11 January 2007

Copyright law is a mess

Copyrights were originally intended to encourage authors by granting them a limited monopoly on their creations. In a nutshell, if one creates an interesting work, one has the right to earn money from it - you can prohibit others from copying and selling your work, you receive the proceeds from sales and distribution.

With the advent of media giants, copyrights have become something else entirely. The interests of a company are very different from the interests of an individual, and companies never die. This has led to laws such as the DMCA (Digital Millenium Copyright Act), first enacted in America and subsequently in many other countries. First of all, the DMCA criminalizes copyright infringement (which used to be a purely civil matter). Second, it prohibits attempts to circumvent copy-protection methods - even where these methods restrict legitimate uses of the work. For example, if you purchase a CD, it is completely legal for you to copy the music to your MP3 player. But if the CD has some sort of copy protection on it, the DMCA calls you a criminal if you have circumvent this to make your copy.

What needs to be done, to return sanity to copyright law? Let's take a step back and look some underlying principles:

One important principle that has been forgotten (or deliberately ignored) by the lawmakers is this: while it is right and proper for the government to regulate what happens in the town square, the government has no business trying to control what you do in privacy.

If you take great pleasure in intricate programming, why shouldn't you crack a copy-protection scheme? If you do this at home, affecting no one else, why should anyone care. Of course, if you start distributing the result, it's a different matter - a straightforward case of copyright infringement, for which the old laws were perfectly adequate.
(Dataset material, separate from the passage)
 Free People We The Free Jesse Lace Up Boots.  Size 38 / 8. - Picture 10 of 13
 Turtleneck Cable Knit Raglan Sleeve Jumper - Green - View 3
But the DMCA is not really about copyright protection, but rather about coming into your living room and telling you what you can and cannot do on your own computer.

The second tangent: a fundamental principle of our legal system is that we are to be presumed innocent until proven guilty. And yet, on every DVD-recorder, on every copy machine the purchaser pays a fee. This fee is supposedly to recompense artists for copyright infringement. If you purchase such a device, you are presumed guilty. You cannot possibly prove yourself innocent - you must pay the fee!
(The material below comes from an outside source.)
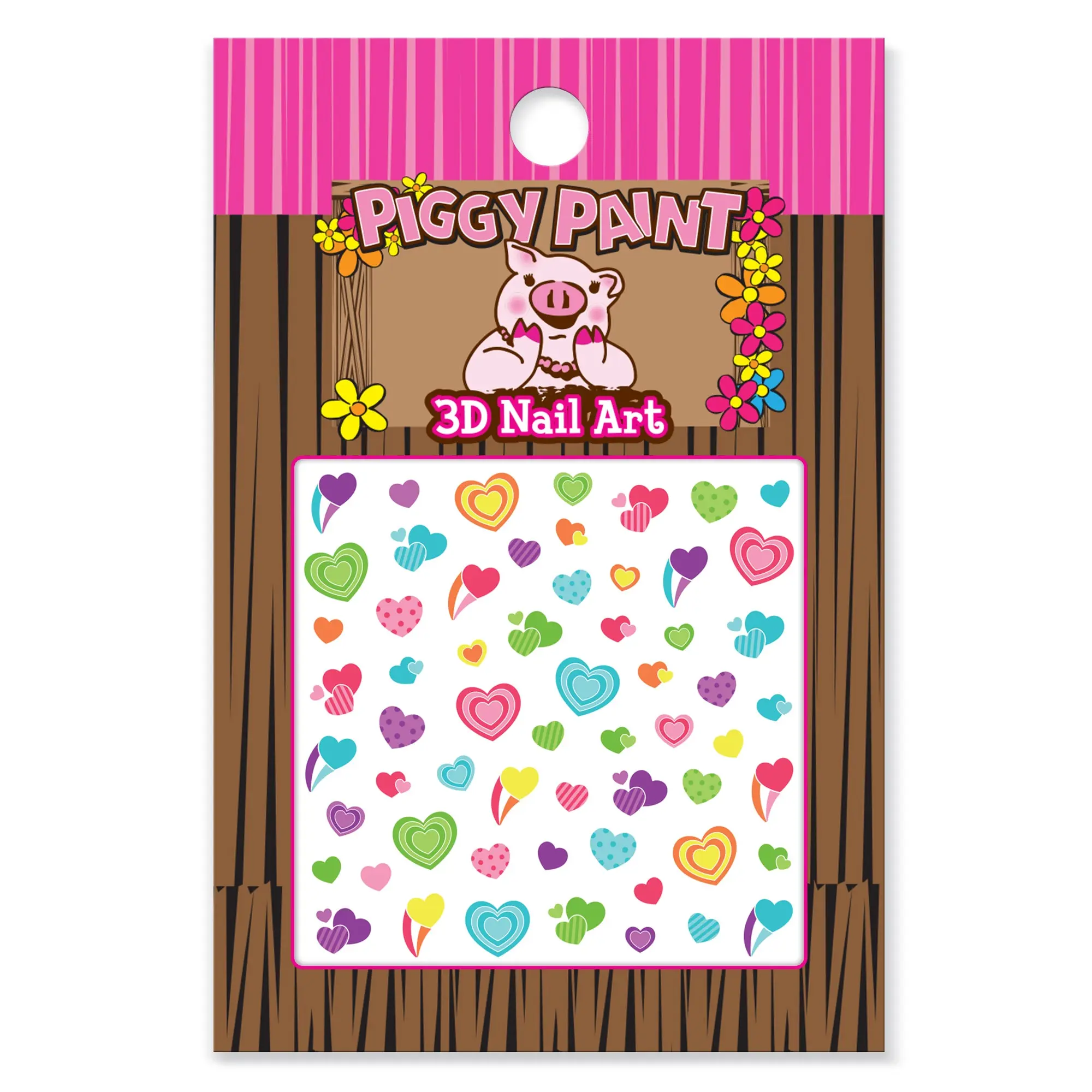 Piggy Paint 3D Heart Nail Art Stickers for Fun Manicures for Kids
There is now serious talk (at least in Europe - if it's not in the States, it will be soon), that there should be similar charges on any device capable of storing and replaying music or films. If this presumption of guilt is not offensive enough, think of the counterproductive effect. Imagine: if a teenager pays a $40 per gigabyte fee (that's the proposed amount) on a new MP3 player, said teenager is going to be damned sure to pirate at least $40 worth of music!

To summarize: the law - and enforcement of the law - should respect our basic rights. In particular:
  1. Privacy. As long as our activities do not directly impinge on others, they should be of no interest to the law. In your own house, you should be able to do anything you like with copyrighted material: copy it decrypt it, encrypt it, nail it to the bathroom wall. As long as your activities remain private, they are of no interest to anyone else.

  2. Innocent until proven guilty. No law or regulation should presume that we are going to behave illegally. We should pay no fees for infringement we haven't done. Content providers should not prevent us from making private copies (i.e., DRM) without notifying us in advance on the outer packaging so that we can choose not to buy their product. Our computers should not be able to disable our hardware because some hacker somewhere pirated content using the same model.

  3. A fine but important point that follows from both of the above: merely possessing illegally copied material should not be punishable. The punishable activity is the distribution: the person who copied and passed out the material. Too many end-consumers have been sued for downloading something in good faith - this should not happen.